Best Tips for Insulating Your Home
The benefits of insulating your home are many. Some include:
1. Keeping your house warm when it is cold outside.
2. Keeping your home cool in the warm summer months.
3. Saving on your utility bills by not running your heating/AC as much.
4. Increases the value of you home when you go to sell it.
The older the house the larger the possibility that it needs to be insulated or at least checked for improvements to be made to the existing insulation. You should start with these areas to check and improve your insulation.
Windows and Doors
Windows are probably the largest culprit in letting out the precious heat in your house. At a minimum, the windows should be double pane. If not, then it is time to look at replacing your windows for newer, energy saving windows. If this does not fit into your budget, then in the fall you need to put plastic over the windows. Many manufacturers make easy to do yourself kits that are available at your local lumber yard or home improvement store.

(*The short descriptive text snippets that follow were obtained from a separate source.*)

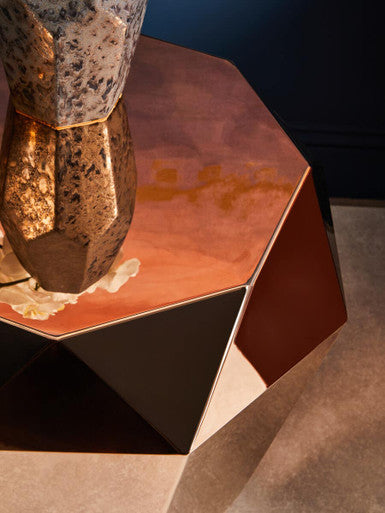Allure Rose Gold Diamond Cut End Table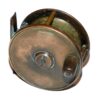 Hardy 2 3/4" Birmingham brass reel with rod in hand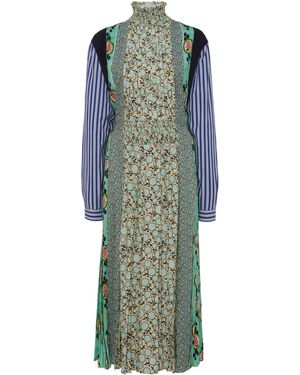Prada Patchwork Smocked Crepe Midi Dress - Multicolor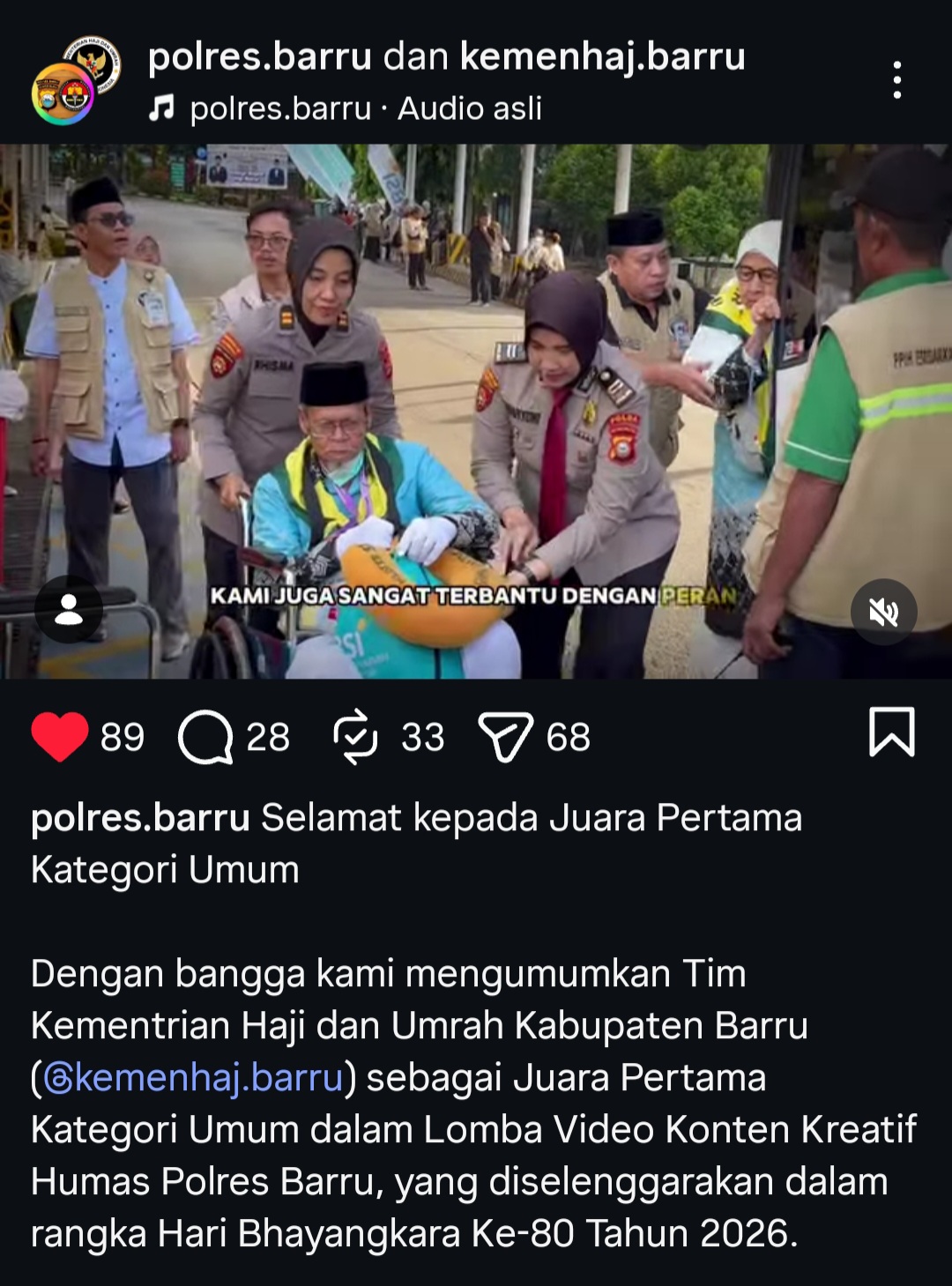 Digelar Polres Barru, Kemenhaj Barru Sabet Juara 1 Lomba Vidio HUT Bhayangkara ke 80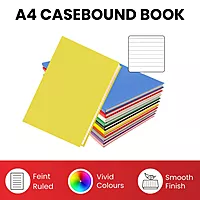 A4 160 Pages 8mm Ruled Red Casebound Notebook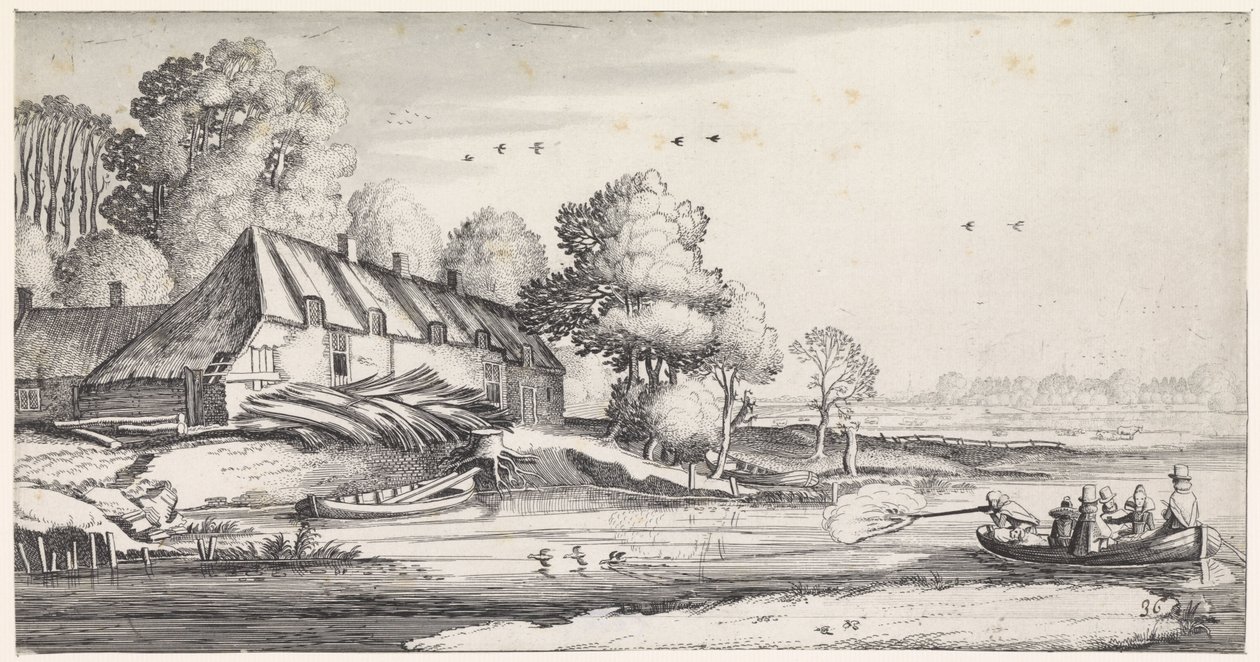 Ankajakt på en flod nära en gård Playsante landskap och roliga ansikten (serietitel) av Jan van de Velde (II)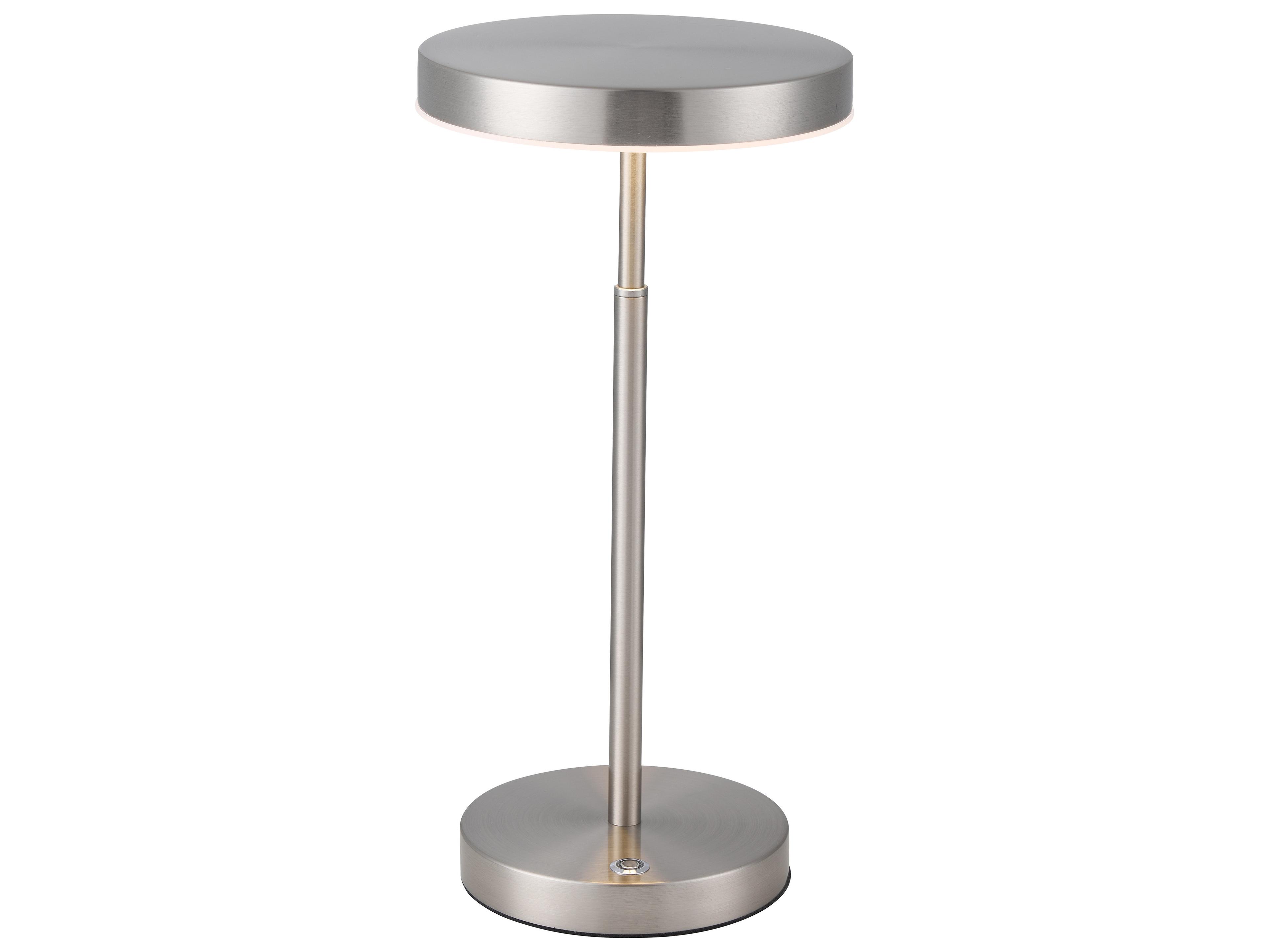 Dainolite Francine Satin Nickel White Table Lamp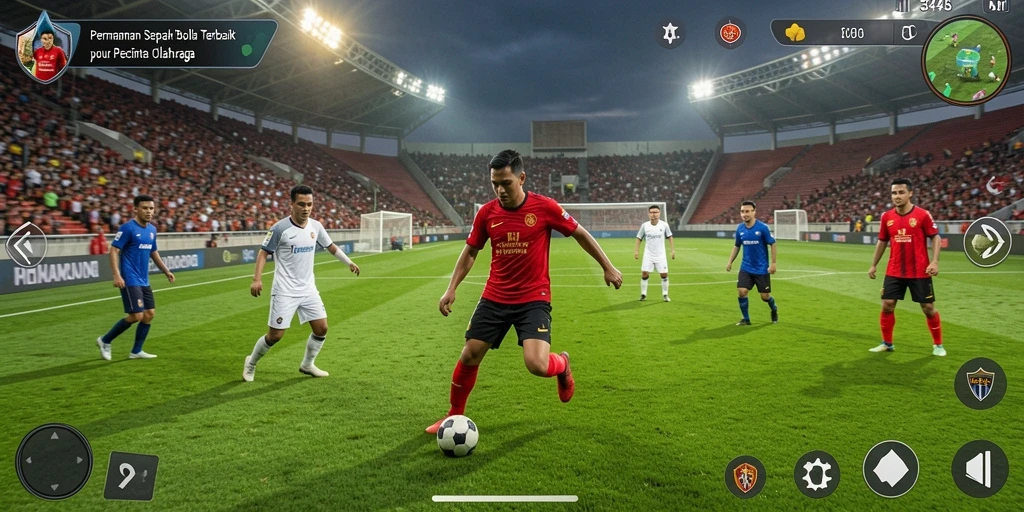 Gameplay menarik dalam 3446 dengan aksi sepak bola yang seru.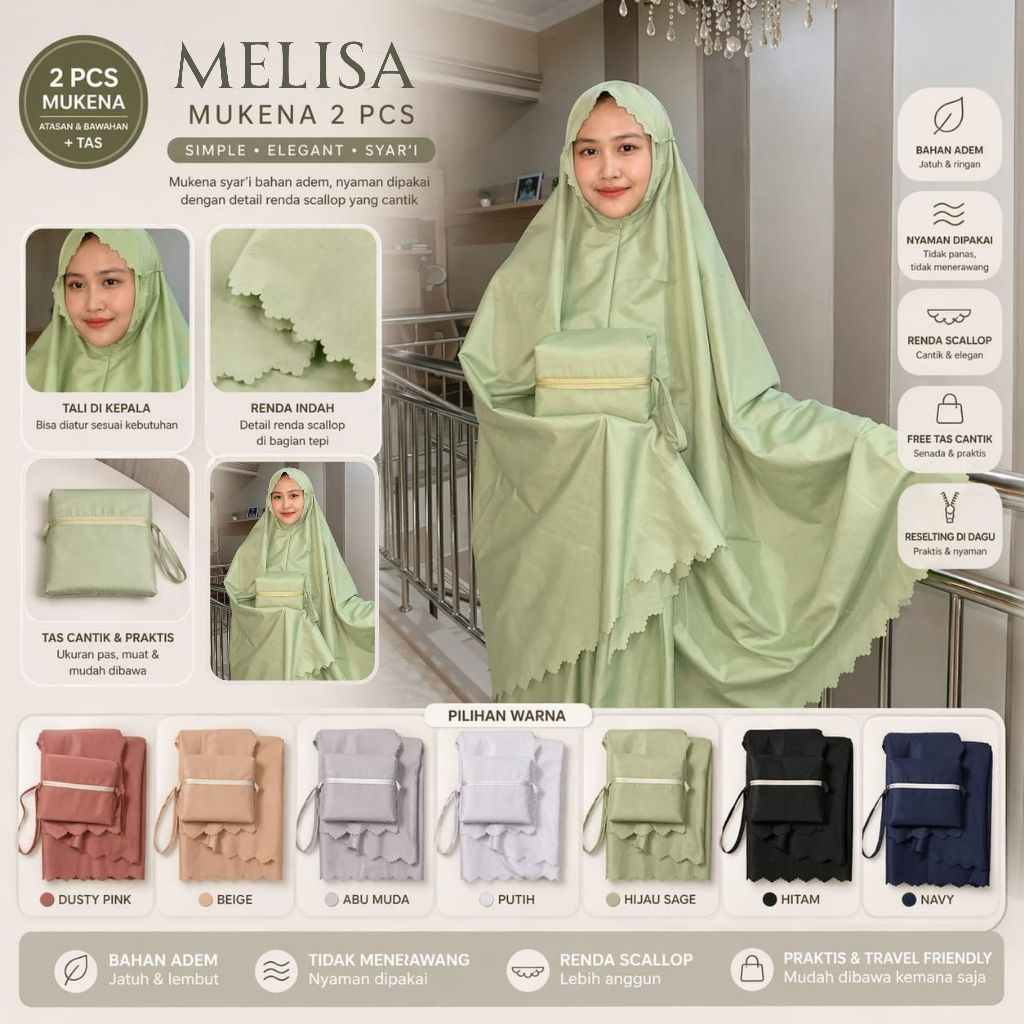 Mukena Polymicro Premium Polos Sage Green + Pouch Mukena Dewasa Adem Ringan Halus Anti Kusut All Siz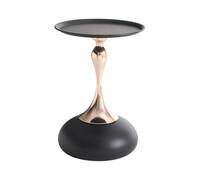 MESCXTY Petite Table d'appoint Ronde sur Pied, Table d'appoint de canapé Moderne du Milieu du siècle,Table de Chevet en métal pour Chambre à Coucher,Table Basse avec Plateau en Fer,pour canapé, A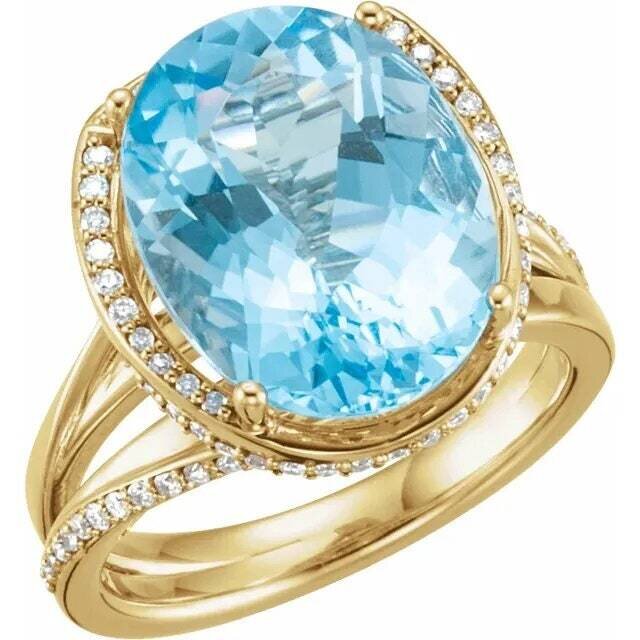 Stuller 14K Gold Settings with Diamond Melee. and preset 16x12mm Blue Topaz.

All windows need a good caulking around where they meet the outside of the house. This will prevent any air to leak in or out and wasting energy. This proves true for doors also, along with checking the weather stripping at the bottom of your door.
Most utility companies will come out to your house for little or no charge and perform a infrared scan of your house and see where the heat is escaping and thus showing you where you need to concentrate on improving your insulation.
Attic
Insulating the attic gives the rising heat in your home a barrier to fight through instead of free access to the outside. The insulation to use can be rolls of fiberglass insulation or it can be cellulose insulation that is blown in to your attic.
Basement/Crawlspace
If you have a basement or crawlspace then the underneath of your floor should be insulated to keep any moisture, cold air and/or dirt from coming up through your floorboards. Usually rolled insulation is used and it is kept in place by wire supports placed between the joists.
Walls
The walls of your house need insulation inside of them to prevent the outside elements for sneaking into your home. Rolled insulation can be put in if you replace the interior walls at anytime, otherwise you can blow in cellulose insulation either from accessing the inside or outside walls.
If you are planning on putting up vinyl siding, then a house wrap and a layer of foam insulation may be put up. This will give added insulation and prevent air infiltration.
The newer your house the more it is likely that you have it insulated fairly well. You just have to do yearly checks to make sure your caulking is still in good condition and nothing has disturbed any insulation that you have installed already.
Adding insulation is not to hard to do and can be mostly handled by yourself and a helper. But, you may feel more comfortable hiring the job out if you have the budget for it. Either way you will save money in the long run and have a more comfortable home.